### Work to be completed
The entries contain pictures, which should not appear in the copy; everything else must be reproduced exactly.

### Task data
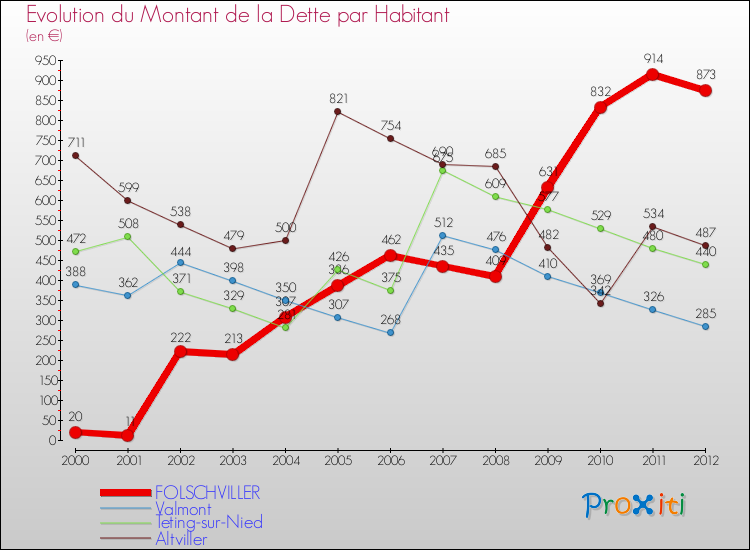 Evolution de la dette par habitant pour la commune de FOLSCHVILLER et les communes proches de 2000 à 2012 Comparaison de la dette par habitant pour FOLSCHVILLER et les communes voisines de 2000 à 2012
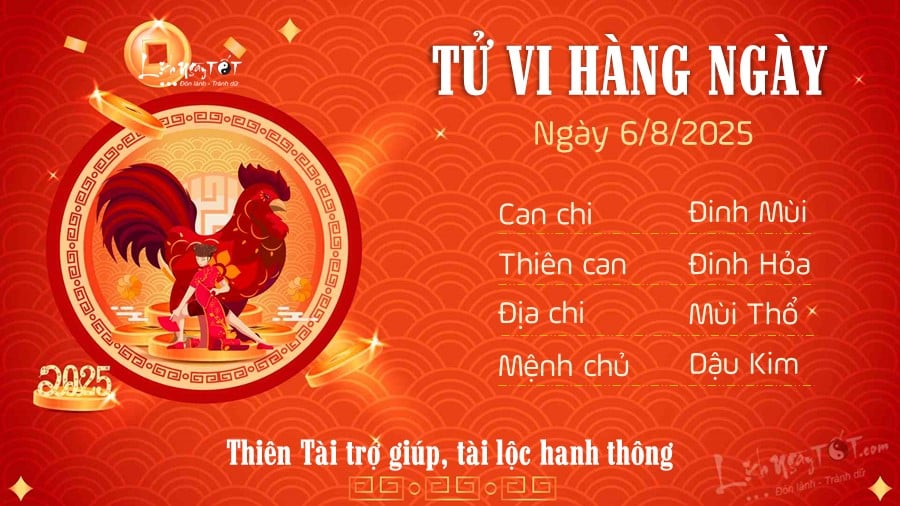 05-1754410663-tu-vi-thu-4-ngay-682025-cua-12-con-giap-ti-bat-on-mao-van-su-nhu-mo.jfif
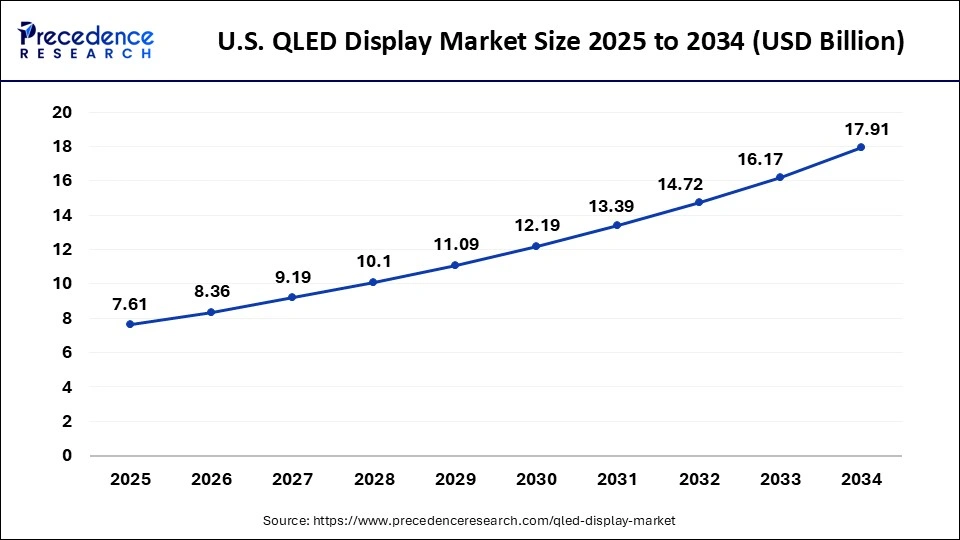 U.S. QLED Display Market Size 2025 to 2034 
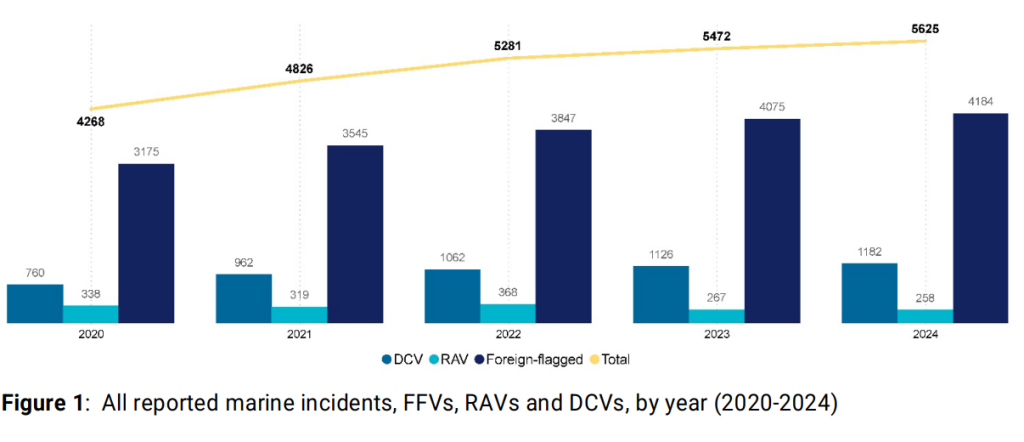 amsa-incidents-2024-1024x442.png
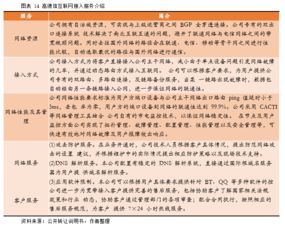 高德信 深耕珠三角的互联网接入服务领军者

### Output for this exercise
 Evolution de la dette par habitant pour la commune de FOLSCHVILLER et les communes proches de 2000 à 2012 Comparaison de la dette par habitant pour FOLSCHVILLER et les communes voisines de 2000 à 2012
 05-1754410663-tu-vi-thu-4-ngay-682025-cua-12-con-giap-ti-bat-on-mao-van-su-nhu-mo.jfif
 U.S. QLED Display Market Size 2025 to 2034 
 amsa-incidents-2024-1024x442.png
 高德信 深耕珠三角的互联网接入服务领军者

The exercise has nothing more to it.